(PROBLEM TO WORK ON):
Lines from the one containing "Шарафуга: гибрид со" to the end of the data below are to be restated exactly, with both ends included and nothing else.

(INFORMATION SUPPLIED Opens)

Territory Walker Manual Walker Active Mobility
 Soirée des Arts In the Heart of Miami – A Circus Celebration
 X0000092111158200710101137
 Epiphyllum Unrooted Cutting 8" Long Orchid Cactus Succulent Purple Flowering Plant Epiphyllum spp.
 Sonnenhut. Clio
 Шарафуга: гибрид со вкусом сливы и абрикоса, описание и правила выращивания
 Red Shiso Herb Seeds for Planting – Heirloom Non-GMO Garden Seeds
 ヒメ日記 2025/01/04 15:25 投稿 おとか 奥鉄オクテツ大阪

(INFORMATION SUPPLIED Closes)

(EXPECTED ANSWER):
 Шарафуга: гибрид со вкусом сливы и абрикоса, описание и правила выращивания
 Red Shiso Herb Seeds for Planting – Heirloom Non-GMO Garden Seeds
 ヒメ日記 2025/01/04 15:25 投稿 おとか 奥鉄オクテツ大阪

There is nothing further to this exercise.